Responsibilities
- Ensure Platform Stability. Operate and support the Dotcom and OMNI platform (including BOPIS and Same-Day Delivery), ensuring high availability, resilience, and hyper-stable customer experiences during normal operations and peak traffic events.
- Lead Incident Response. Triage, diagnose, and resolve L2/L3 production incidents; lead post-incident reviews and partner with engineering teams on permanent corrective actions to eliminate root causes.
- Drive Intelligent Automation. Build automation solutions, reduce operational toil, and create AI-driven reliability tools and agentic workflows to improve mean time to resolution, productivity, and overall stability.
- Enhance Observability. Develop and optimize observability through logs, metrics, traces, dashboards, and anomaly detection; refine alerting and telemetry pipelines to proactively identify and resolve issues.

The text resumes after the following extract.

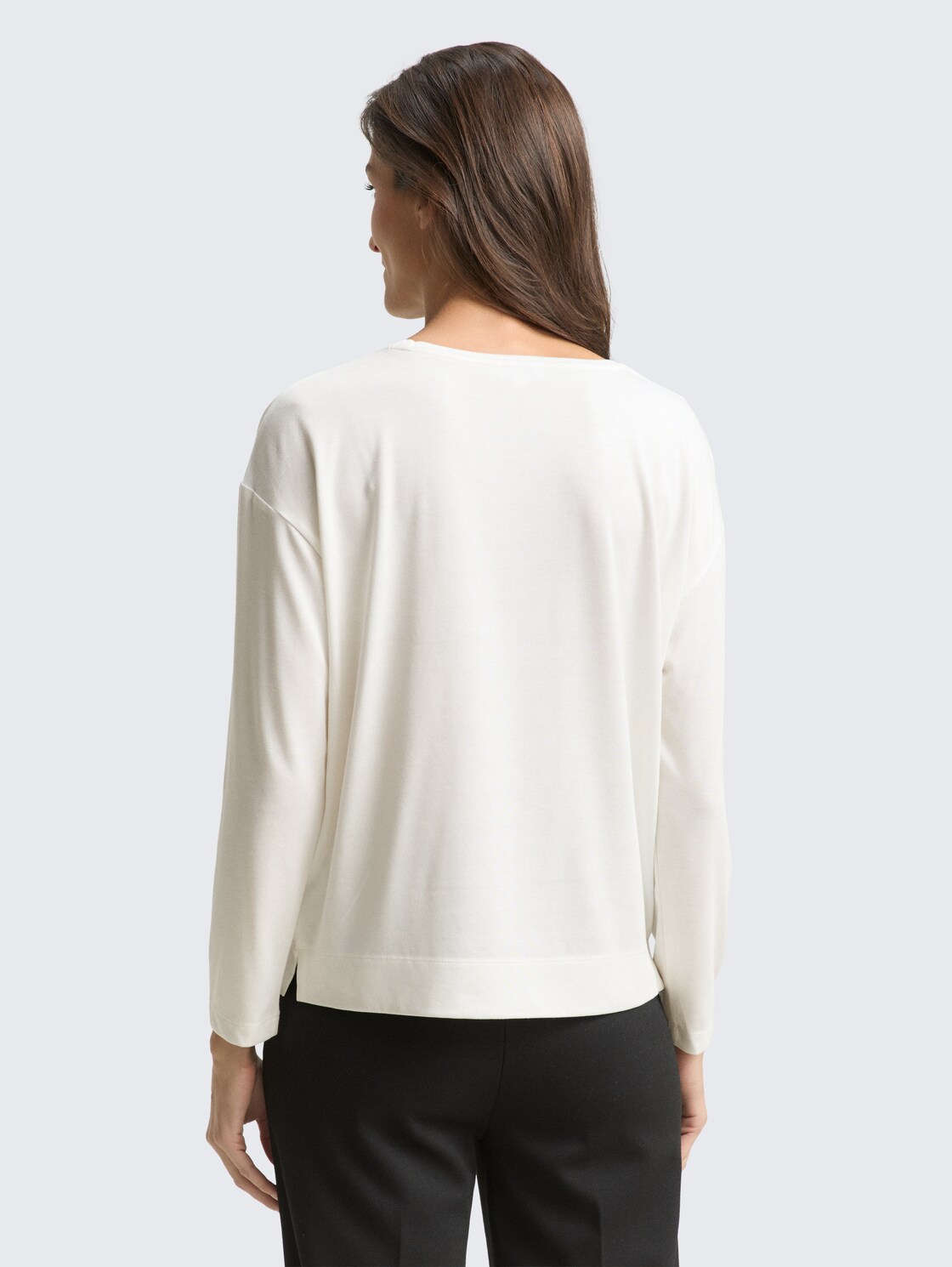 Loose Fit Langarmshirt im Material-Mix - Whisper White - Auschnitt Model-Rückansicht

- Validate Release Readiness. Ensure world-class readiness for releases, seasonal events, feature launches, and traffic spikes through resiliency checks, performance validation, and comprehensive change reviews.
- Maintain Reliability Standards. Maintain and optimize SLO/SLI frameworks; monitor error budgets and partner with application teams on continuous reliability improvements.
Requirements
- Deep SRE Expertise. 6+ years of hands-on SRE, DevOps, or Production Engineering experience in high-scale digital applications, with a strong understanding of reliability principles and operational excellence.
- Cloud-Native Technical Skills. Strong exposure to Azure AKS, Kubernetes, Docker, Service Mesh, and API-driven architectures, with operational support experience for React front-end and Spring Boot microservices in production environments.
- Observability and Automation Mastery. Hands-on experience with observability tools (Dynatrace, Splunk, Grafana, Prometheus) and strong scripting abilities (Python, Bash, PowerShell, YAML) to build automation that reduces toil and improves incident response.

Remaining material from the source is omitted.